A framework for "pluggable" and optional GC could be very helpful for dealing with the rare case of general graph-like data, where there really is no feasible alternative in terms of more explicit memory management. This will probably be done as a natural outcome of stable support for "local" allocators, which is already planned in Rust itself.
I feel like writing code that satisfies the borrow checker isn't that hard if you intuitively understand the lifetimes of the things you're dealing with. In C++ you have to do this anyway, so having the compiler help actually decreases the cognitive burden. I feel like desiring garbage collection is mostly a code smell, because it indicates that lifetimes and ownership are not obvious. Sometimes that'll legitimately be the case due to shared ownership, but there are facilities in both Rust and C++ for that.

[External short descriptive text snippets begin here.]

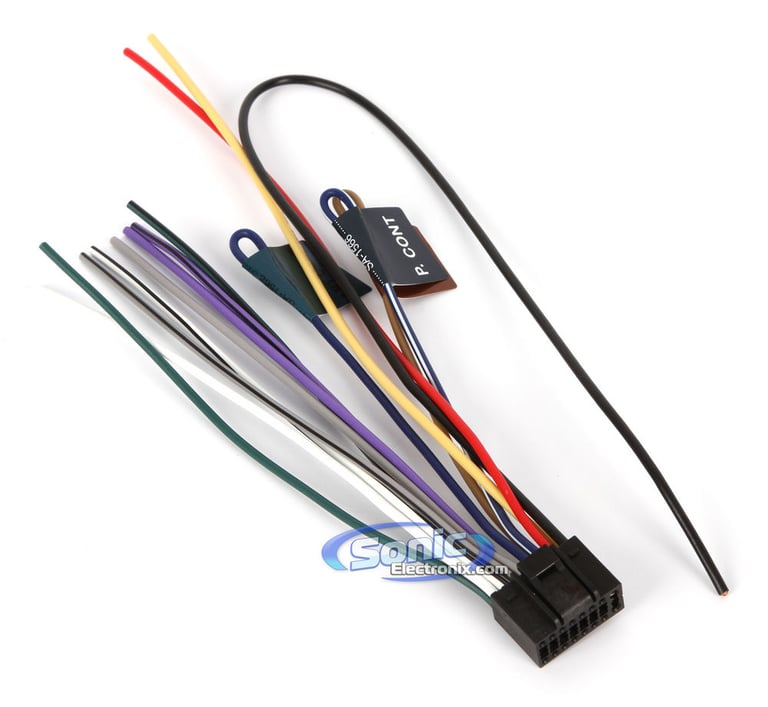 Kenwood KDC-155U Image 7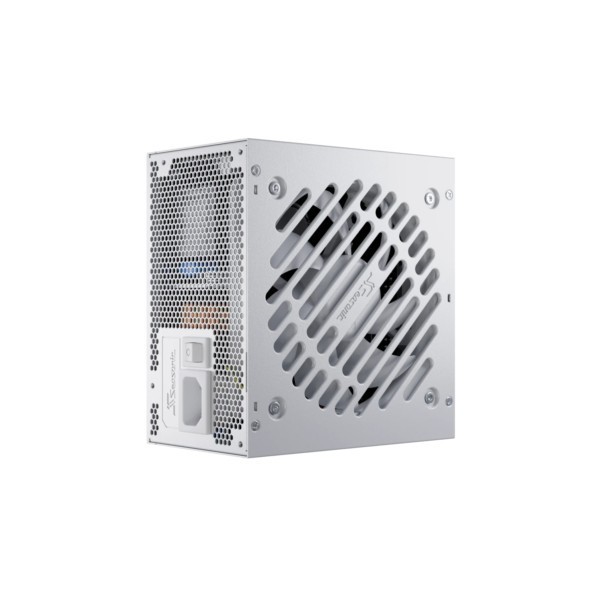 PC- Netzteil Seasonic Core-GX-850 850W  Gold modular White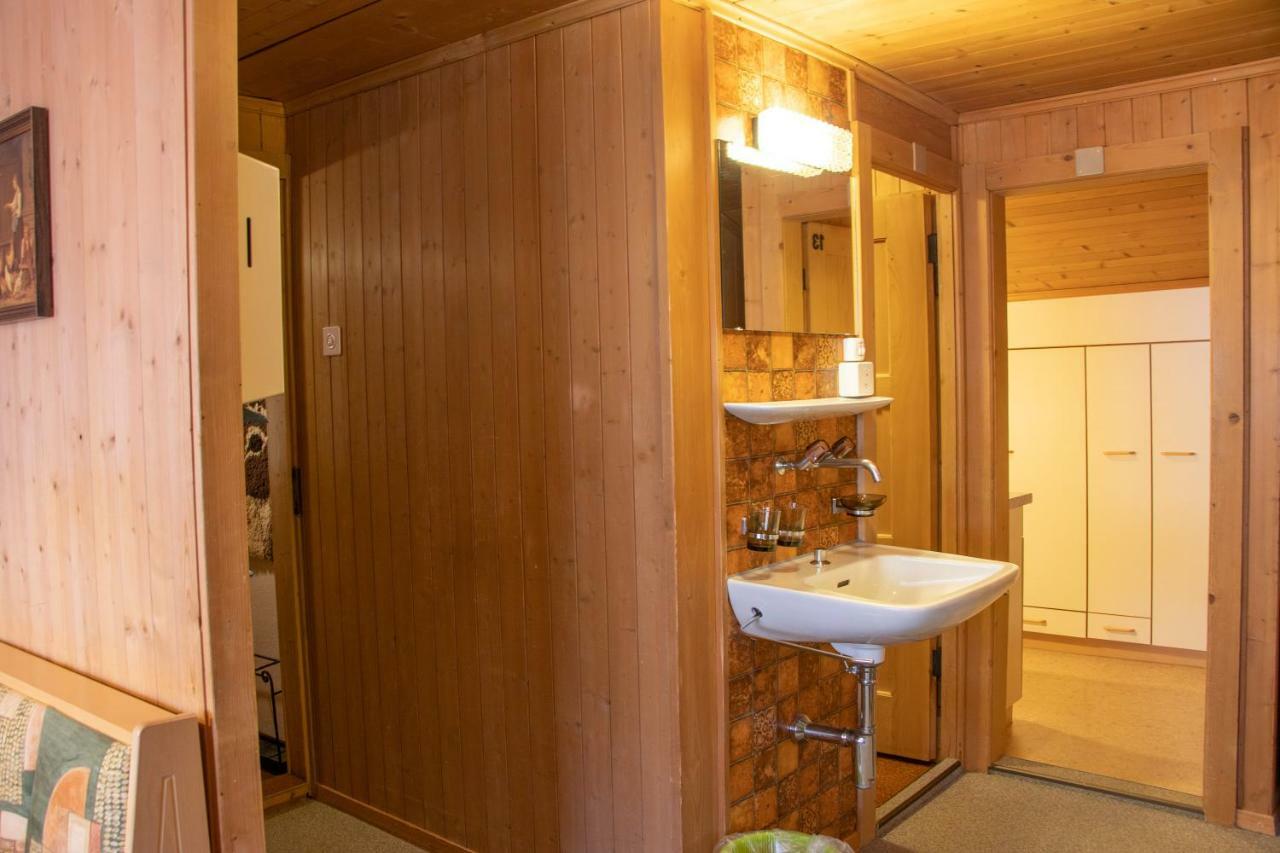 Apartmán Chalet Suveran Arosa Exteriér fotografie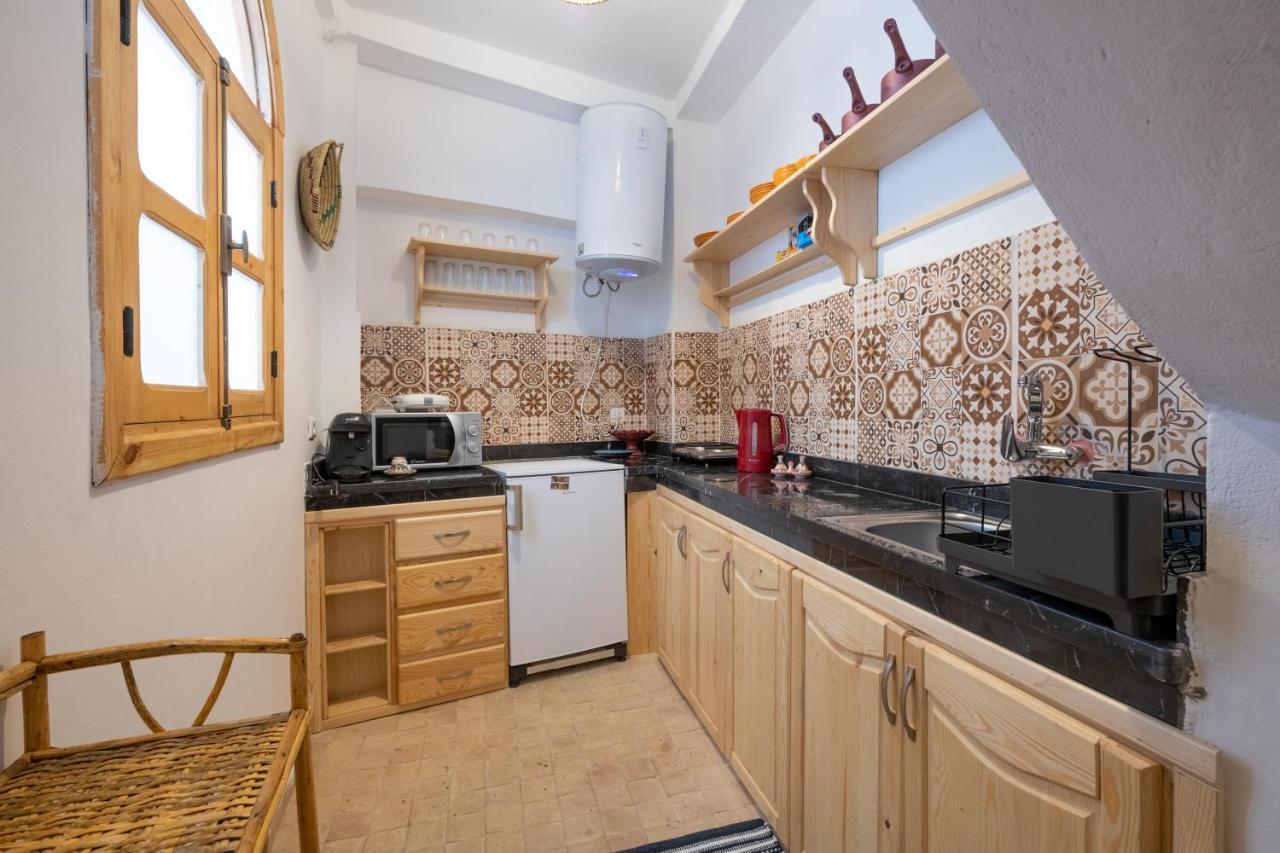 Dar Bab Haha Petite Maison A La Marocaine Tanca Dış mekan fotoğraf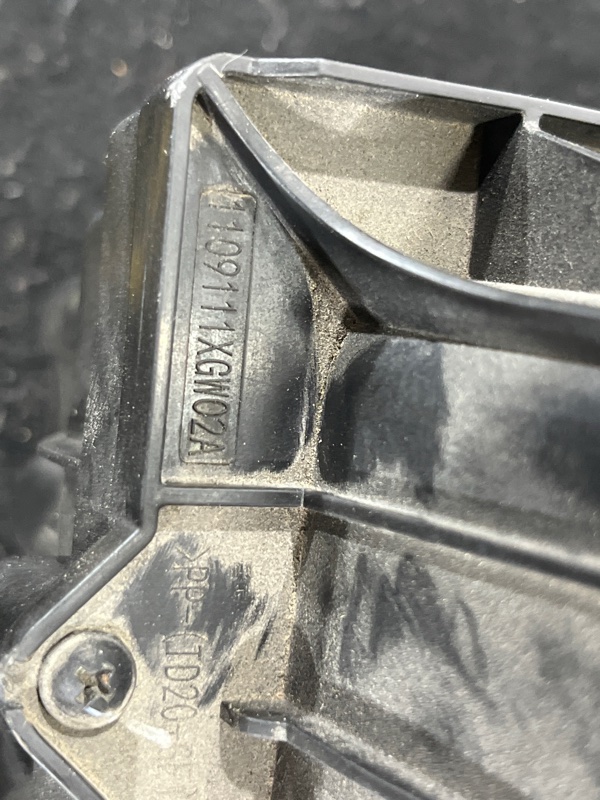 Корпус воздушного фильтра, 8000 рублей, Пешки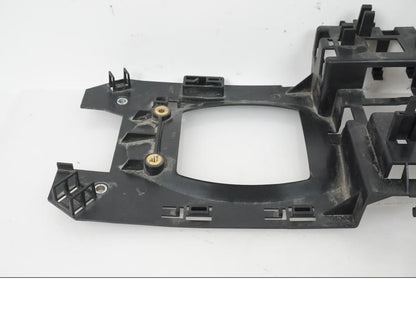 Snett uppifrån på Fästplatta från en H-D Adventure Pan America Special RA1250S -2021 motorcykel.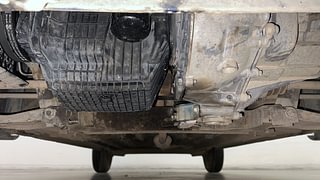 Used 2021 Renault Kwid CLIMBER 1.0 AMT Opt Petrol Automatic extra FRONT LEFT UNDERBODY VIEW
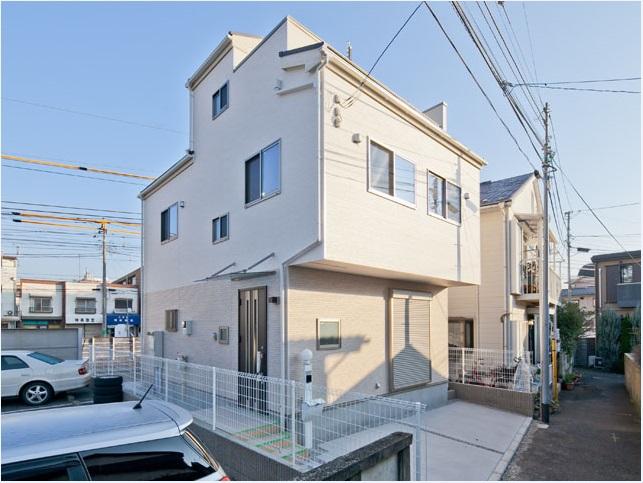 Local appearance photo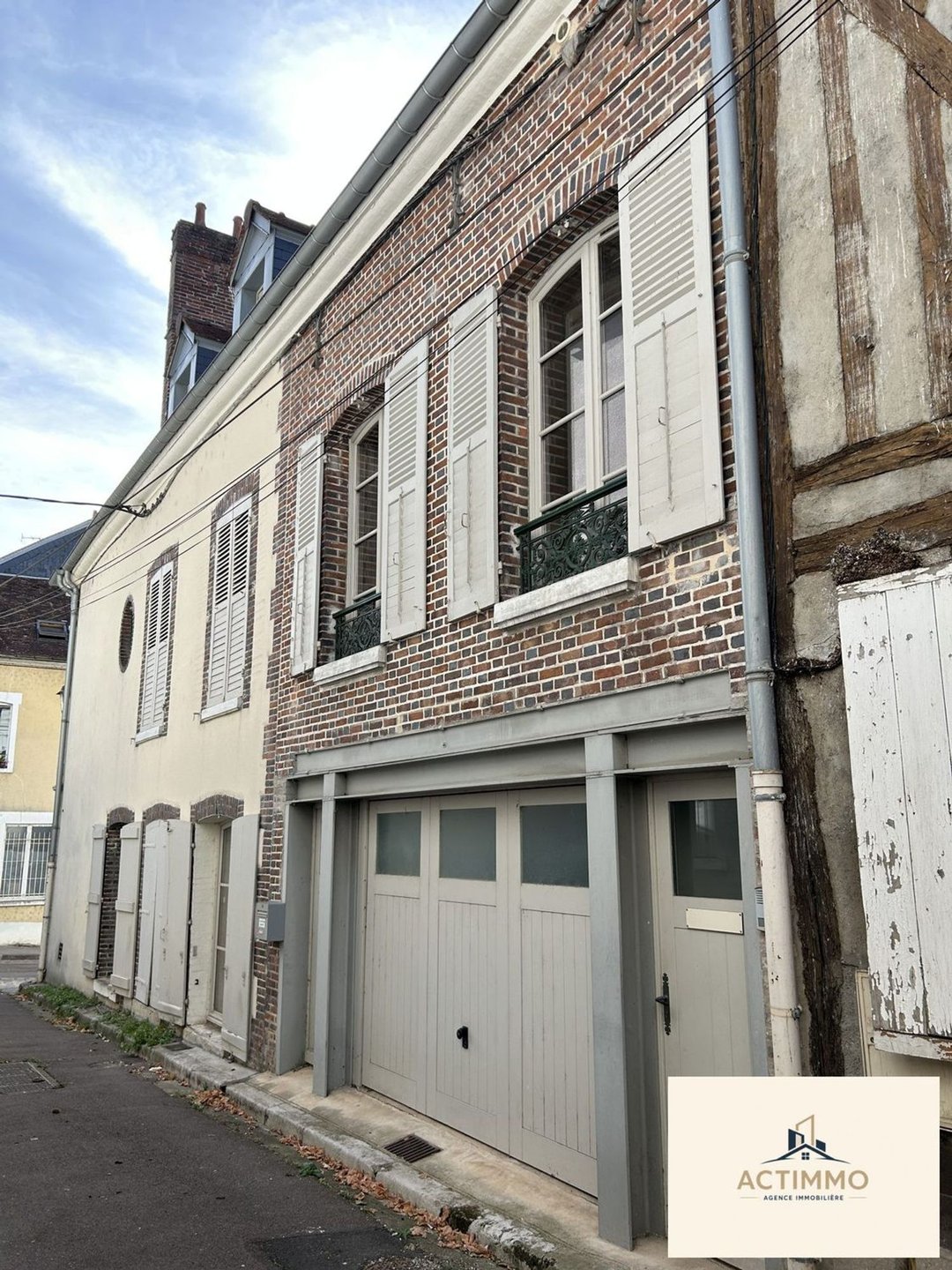Appartement à louer, 65m², Joigny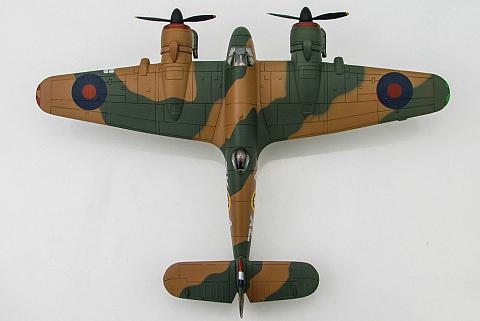    Bristol Beaufighter Mk.IF   1:72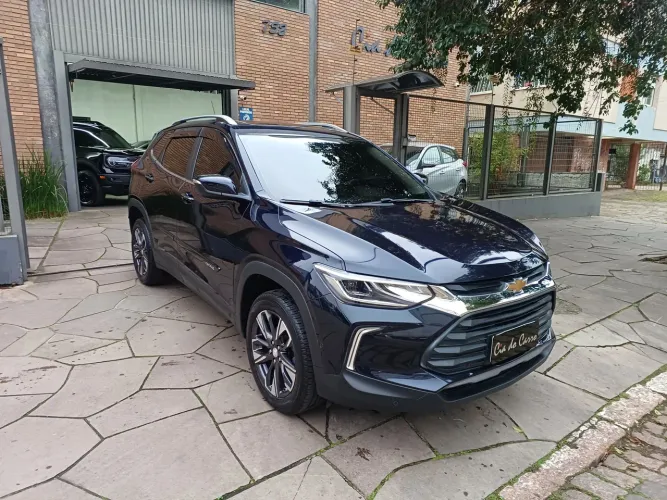 Chevrolet Tracker Premier 1.2 Turbo 12V Flex AUT 2023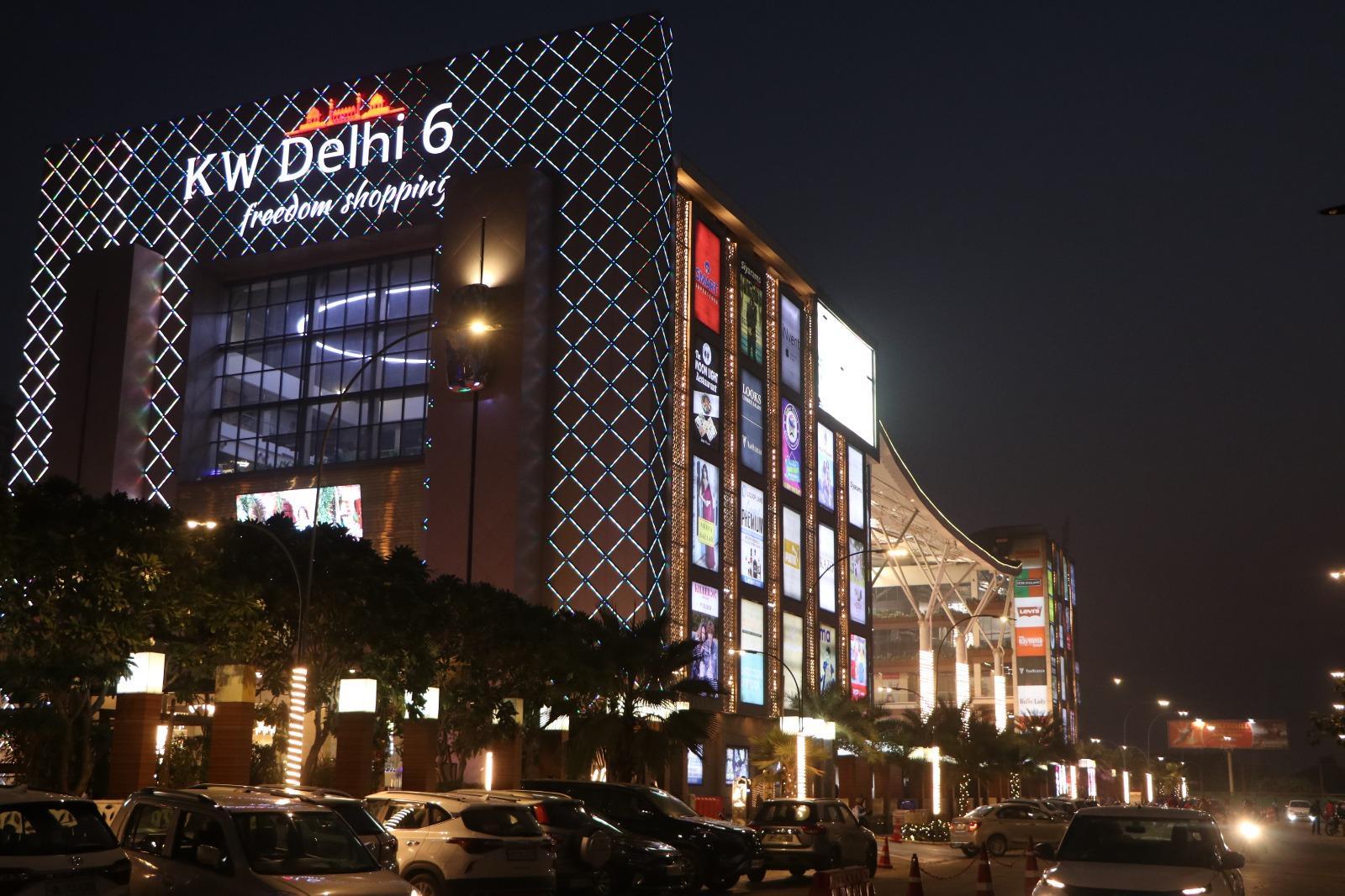 KW Delhi 6 Mall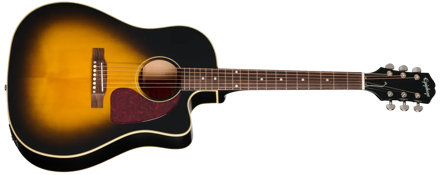 Epiphone J-45 Standard EC Vintage Sunburst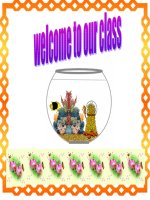 UNIT 15. LESON 2 SPEAKING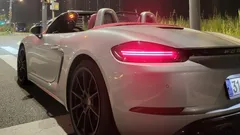 2024 Porsche 718 4.0 GTS — фото 4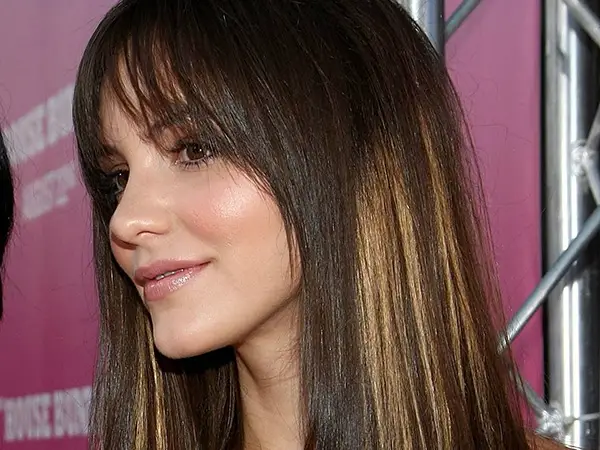 Brunette hair colours  25 brown hair colour trends to try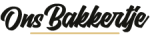 Logo Ons Bakkertje Brood & Kebab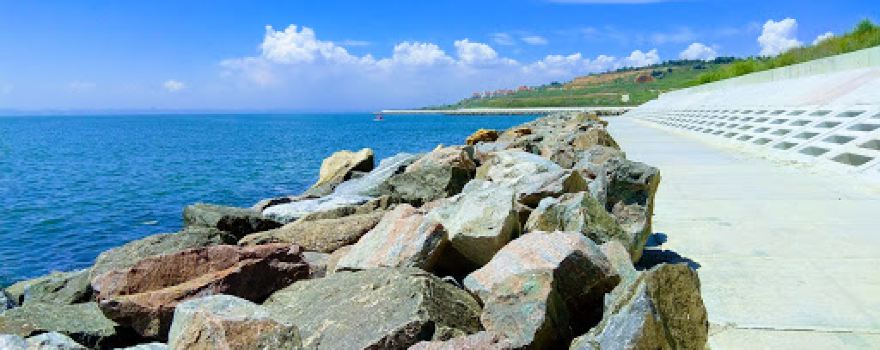 Fontanka 2 Beach (Blue Flag)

Also green threads might be a good addition. It seems that modern computing reinvents it all over again. Golang, Java. Async/await is hard, people want to write blocking code and get good scalability at the same time.
This is the basic win of Go. Go's "goroutines" are preemptable. So there's no need for an async/thread distinction.
> I don't get how someone could think making a CRUD app in Rust could ever be a good idea (beyond hobby projects).
Me either, and I've said that before on HN. There is, however, a Rust lobby for CRUD apps. Those are the people who are pushing hard for "async". "Async" has its uses, but you don't really need it unless the load on your server has many thousands of concurrent connections, most of which are waiting. The OP here points out that his load is nowhere near that high. Python or node.js would work. Maybe even PHP.
If you need to write CRUD apps with high performance, use Go. That's what it's for. The libraries for what you need probably not only exist, but are running in production on warehouse-sized server farms.
I've been writing a metaverse client in Rust for two years, and I'm about 35,000 lines of safe Rust in. Separate threads are rendering, processing incoming messages from the network, updating the world state, fetching assets, and moving objects that are in motion, all in parallel. There's a lot of heavy machinery. Rust is good for this sort of highly concurrent problem. There have been no bugs in my code that required a debugger. (An early version of the rendering library I use, which is unsafe, caused trouble requiring using a debugger back in 2020. Took about 20 minutes to find the problem.) Rust is the right tool for the job for this sort of thing. I'd need a sizable team to do this in C++, and far more debugging.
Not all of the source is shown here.